Amelie (2001)     

Jean-Pierre Jeunet
An unapologetic 'love story' like this can only work if it is so well-done it innoculates itself against attack, and any attempts at wholesale denouncement only uncover a critic who is a toad under a rock. The film is beautiful. The colors, the interior design, hyper-cool (pronounced eep-air-kul). Emerald green and wood if anything. Almost makes you want to move to Paris, or at least this Paris. In the real Paris, apartments are called immeubles, and they do not have dark wood paneling, emerald green, crimson walls or polished lamps, or brass. They don't have brass like they're supposed to. They have tin. They do have copper but you're not allowed to see it. In general, they are small and dank, with random cats climbing around outside of windows. In the real Paris, when you come out of the subway, you'll do well not get pissed on by some smelly old man, and he's not even homeless. But you have to go. Everyone has to go. The film also handles the deeper theme of 'magic and explanation'. The repair man is ghost is a repair man—is a ghost? Love is fate is circumstance—is fate? I believe the magic works in this film in contrast to the out of place magic in Ghost World.

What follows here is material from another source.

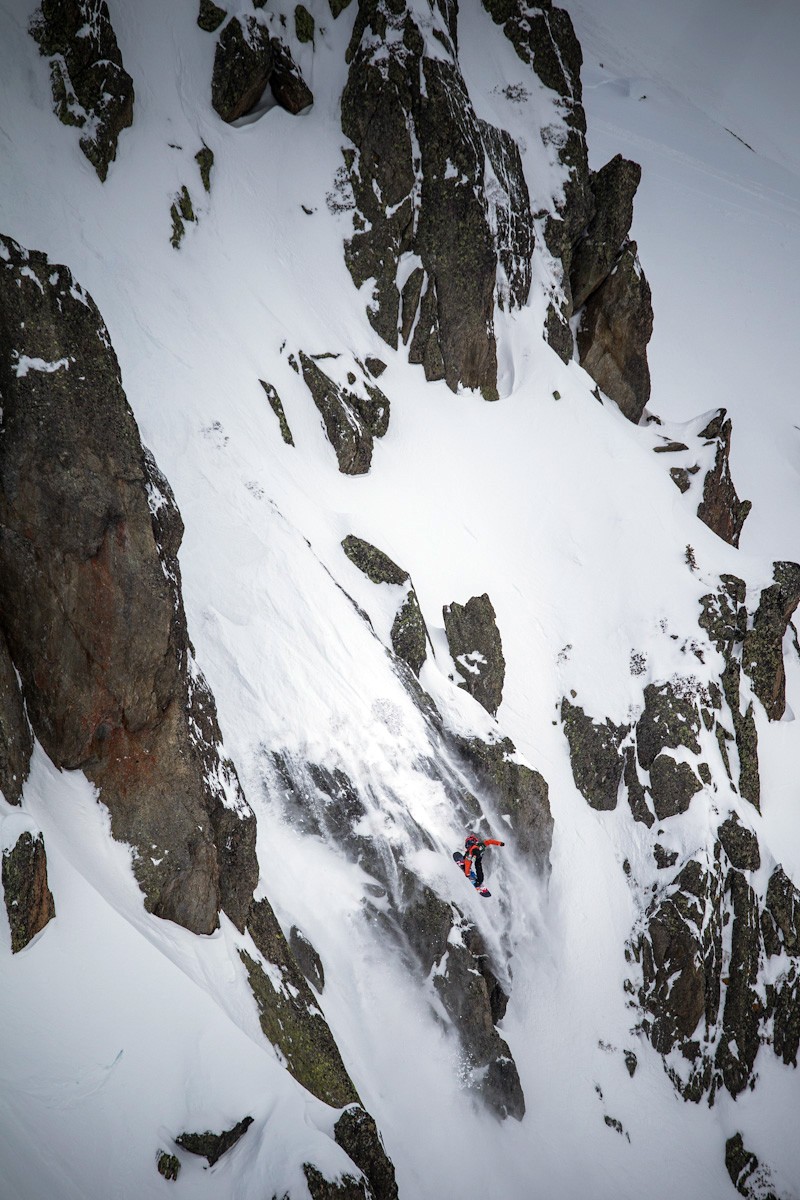 [VIDEOS] FWT Chamonix : Sam Smoothy gagne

The urgency of young lovers recalls Run Lola Run, which was based on a French cooking show from ten years earlier called Bake Julia Bake. The glowing red key in the pocket is the cartoon box that Uma Thurman draws in Pulp Friction.

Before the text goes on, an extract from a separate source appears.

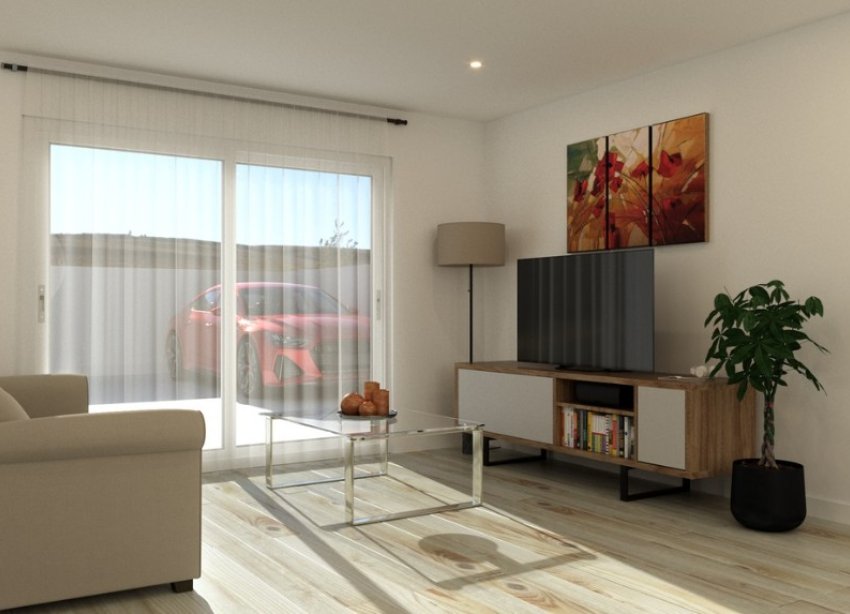 New Build - Villa - San Pedro del Pinatar - San Pedro Del Pinatar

For one movie to have so many interesting characters, surely, some principle of physics must have been victimized, or at least won over with charm and persistance, or victimized. Jean-Pierre Jeunet exhibits thoughtful and sympathetic treatment of his characters a la Eric Rohmer. The motorcycle riding at the end echoes the ending of Wong Kar-Wai's Fallen Angels. "It's been so long since I've ridden pillion." With the horse running the Tour de France, JPJ follows a long list of filmmakers who insert powerful video footage right smack in the middle of their film: Wong Kar-Wai in In The Mood For Love, Stanley Kubrick in Paths of Glory, and even the Tour itself is used in an earlier French film, The Vanishing. It's like creme brulee, excessive but I would not want a world without it. Art is supposed to be about innovation, but I think sometimes, the fact of something having been done before is ‘not the point’ when it makes us happyl. Why do I feel like I've said this five times? In summary, Amelie is over-the-top, but I forgive it. Although once will be enough for now.